* [Work instruction]: The expected output is an exact copy of each line from the line with "Antique Cut Glass" through the end of the data below, with no pictures in it.

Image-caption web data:
^^^^
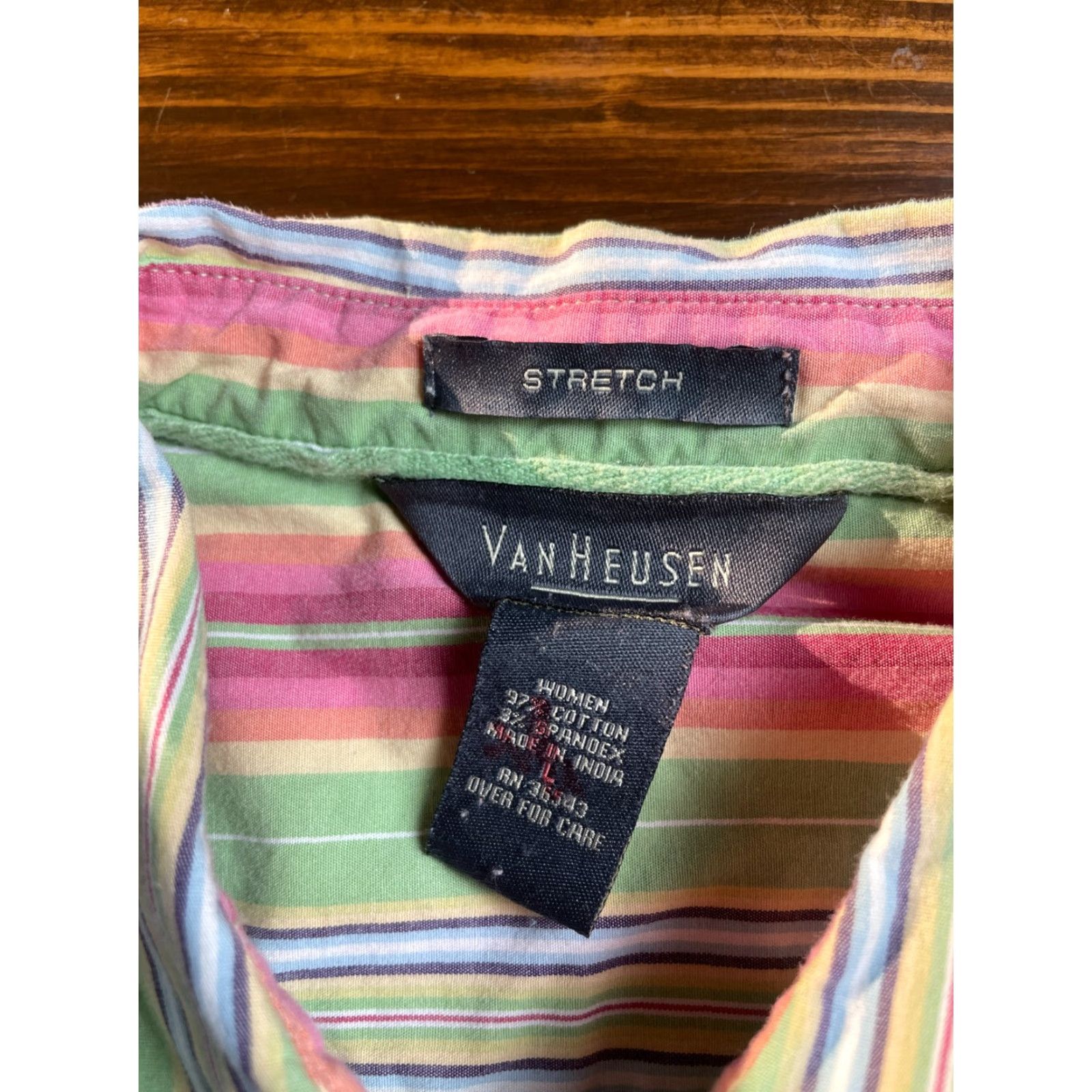 Van Heusen VINTAGE? (No) Van Heusen Shirt Women’s L Pink Green Striped Button-Up Long Sleeve Collared Casual Cotton Blend Regular Fit Womens Size L / US 10 / IT 46 - 7 Thumbnail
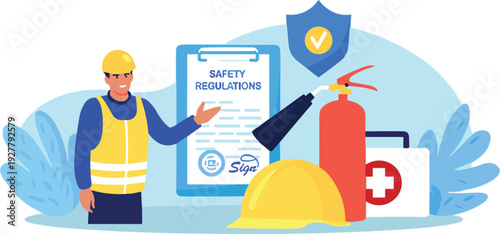 Workplace safety regulations concept with construction worker helmet fire extinguisher protection equipment compliance flat vector illustration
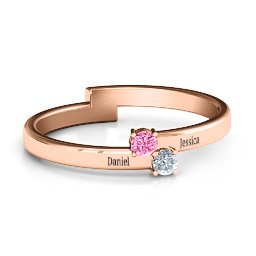 Diagonal Dazzle Ring With 2-3 Gemstones in 10K Solid Rose Gold with Pink Tourmaline and Cubic Zirconia
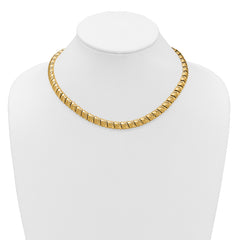 14K Polished and Brushed Fancy 8.0mm Necklace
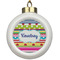 Ribbons Ceramic Ball Ornament (Personalized)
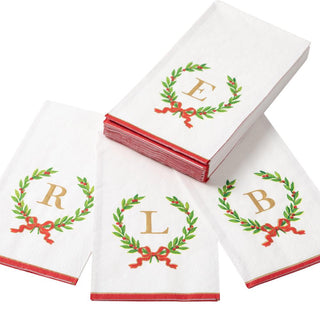 Caspari Christmas Laurel Wreath Single Initial Paper Guest Towel Napkins - 15 Per Package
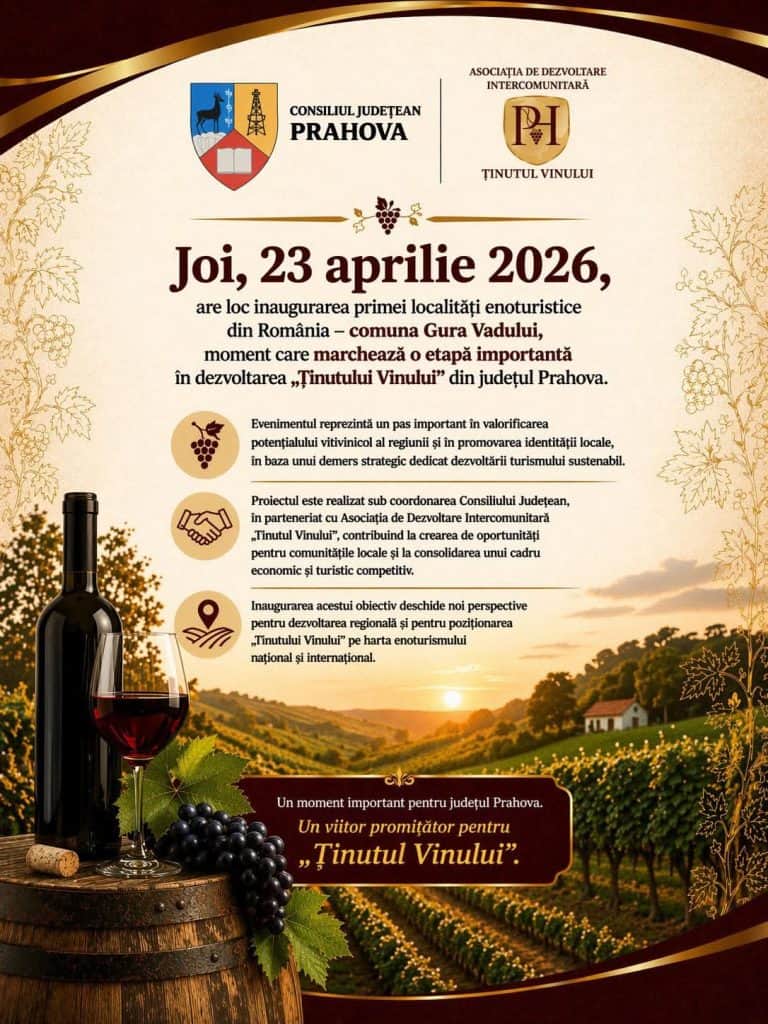 Proiectul „Ținutul Vinului” atinge o bornă majoră: Gura Vadului devine prima localitate enoturistică din România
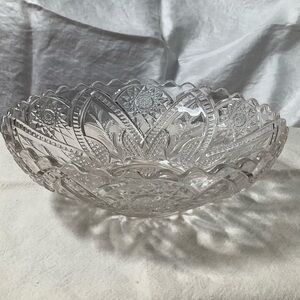Antique Cut Glass Crystal Serving or Centerpiece Bowl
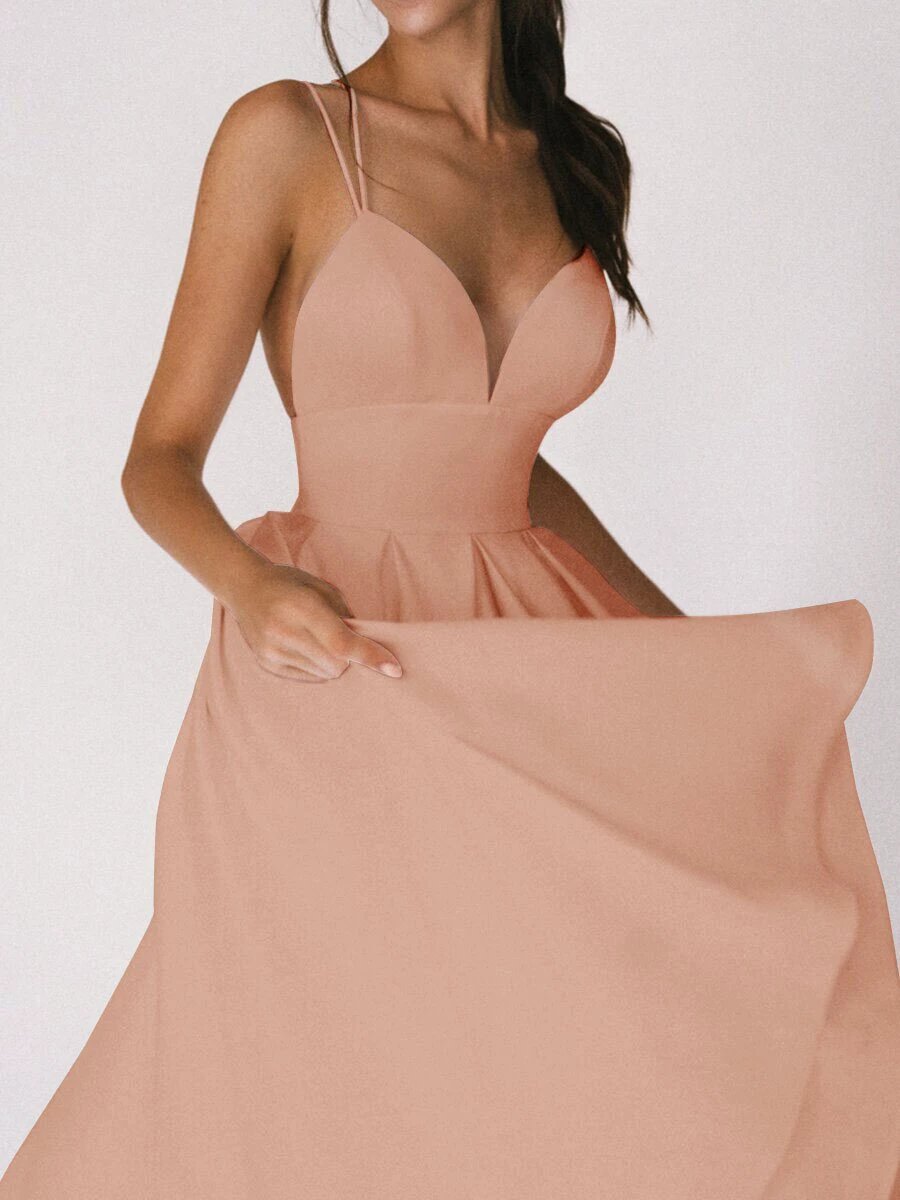 Mandotos women's sexy V-neck suspender dress, summer fashion A-line long dress with a stylish fit and sleeveless design.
^^^^
* [Solution to this problem]:
Antique Cut Glass Crystal Serving or Centerpiece Bowl
 Mandotos women's sexy V-neck suspender dress, summer fashion A-line long dress with a stylish fit and sleeveless design.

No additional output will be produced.